What the task requires:
Restate the entries below exactly, and keep all images out of the answer.

(Records Opens)

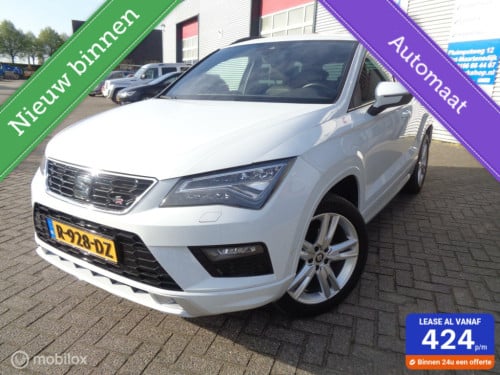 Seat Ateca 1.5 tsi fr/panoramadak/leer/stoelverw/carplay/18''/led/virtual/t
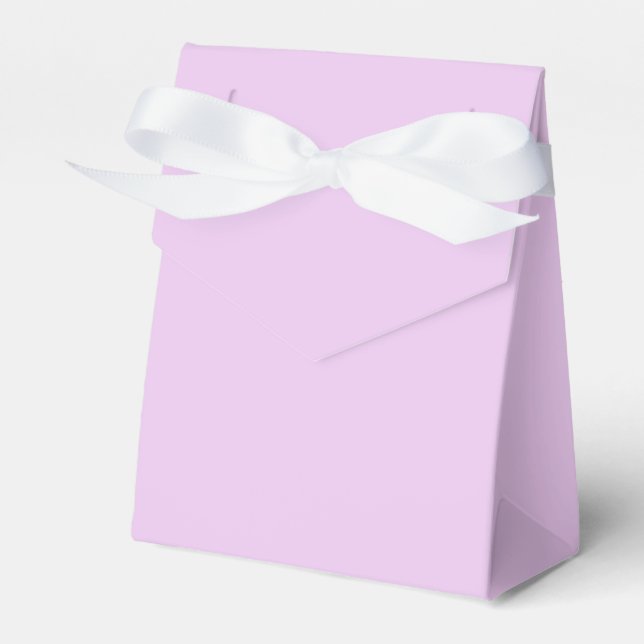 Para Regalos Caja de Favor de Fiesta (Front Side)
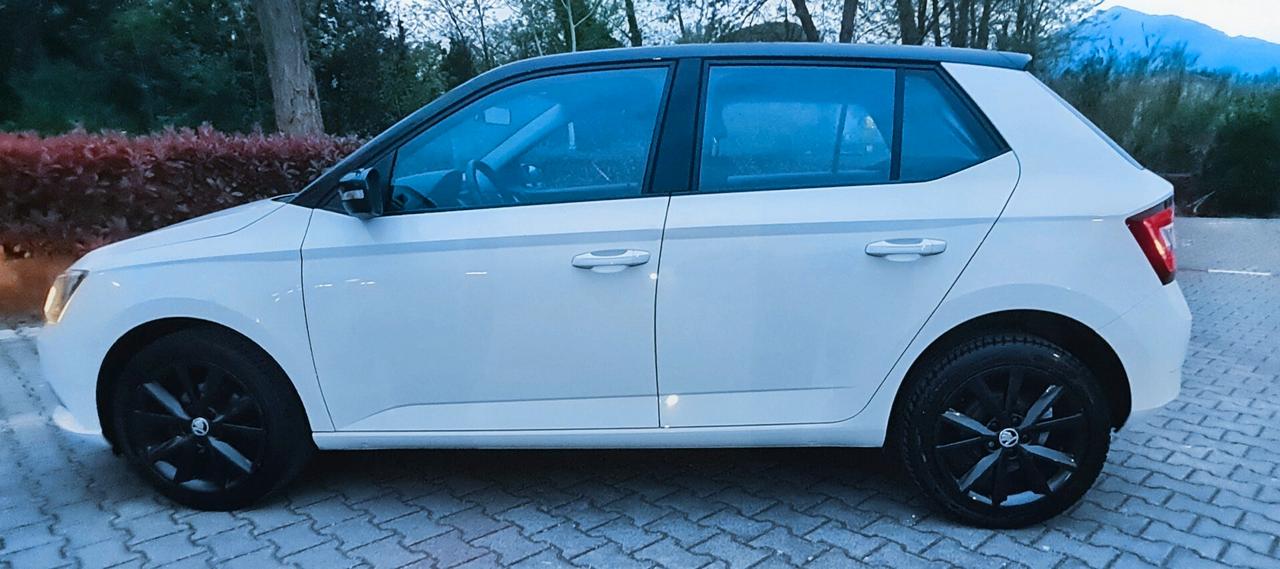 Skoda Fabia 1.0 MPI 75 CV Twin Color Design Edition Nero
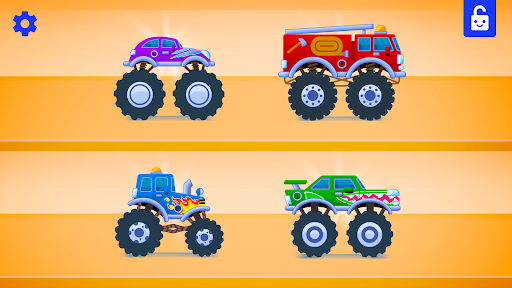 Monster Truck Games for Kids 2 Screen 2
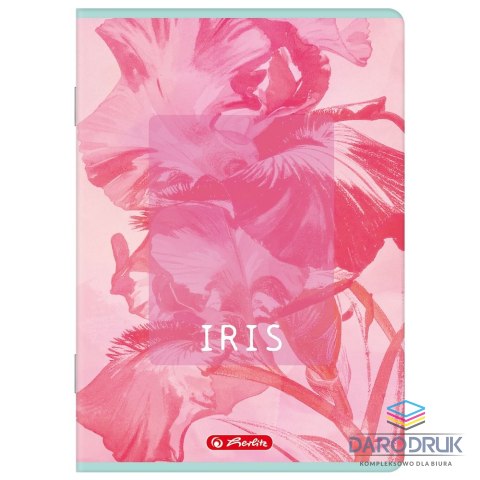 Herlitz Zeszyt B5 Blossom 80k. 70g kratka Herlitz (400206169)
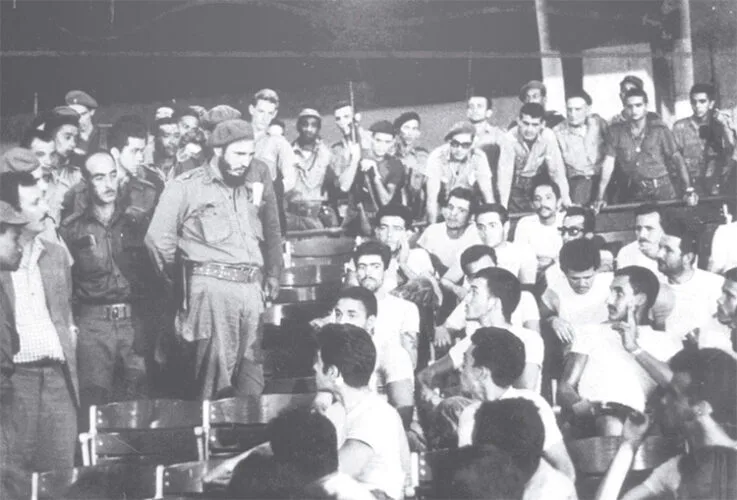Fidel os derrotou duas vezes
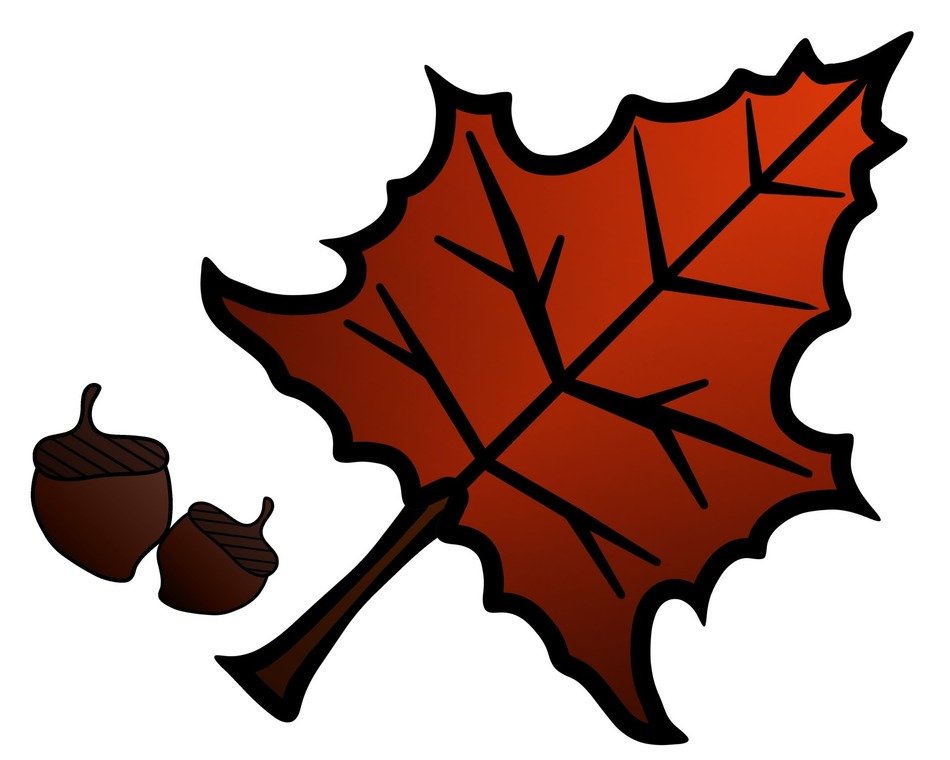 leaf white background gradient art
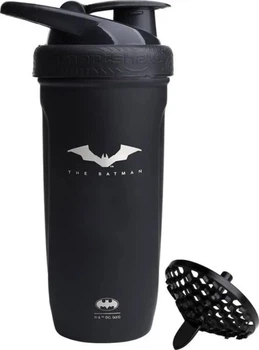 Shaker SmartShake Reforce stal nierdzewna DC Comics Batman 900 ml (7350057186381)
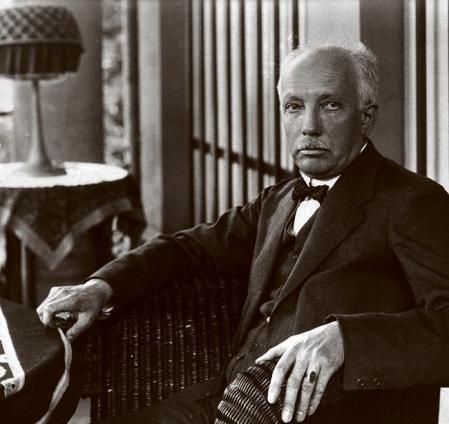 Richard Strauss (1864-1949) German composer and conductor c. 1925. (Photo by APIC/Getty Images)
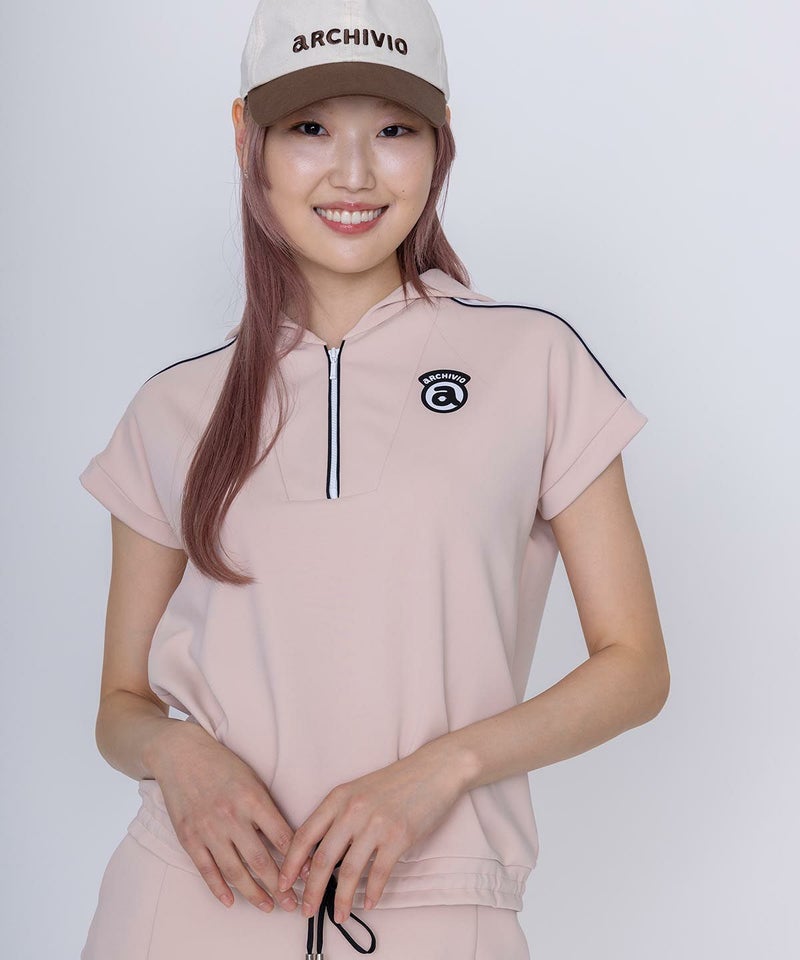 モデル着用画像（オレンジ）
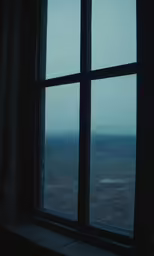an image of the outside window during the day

(Records Closes)

Answer:
 Seat Ateca 1.5 tsi fr/panoramadak/leer/stoelverw/carplay/18''/led/virtual/t
 Para Regalos Caja de Favor de Fiesta (Front Side)
 Skoda Fabia 1.0 MPI 75 CV Twin Color Design Edition Nero
 Monster Truck Games for Kids 2 Screen 2
 Herlitz Zeszyt B5 Blossom 80k. 70g kratka Herlitz (400206169)
Fidel os derrotou duas vezes
 leaf white background gradient art
 Shaker SmartShake Reforce stal nierdzewna DC Comics Batman 900 ml (7350057186381)
 Richard Strauss (1864-1949) German composer and conductor c. 1925. (Photo by APIC/Getty Images)
 モデル着用画像（オレンジ）
an image of the outside window during the day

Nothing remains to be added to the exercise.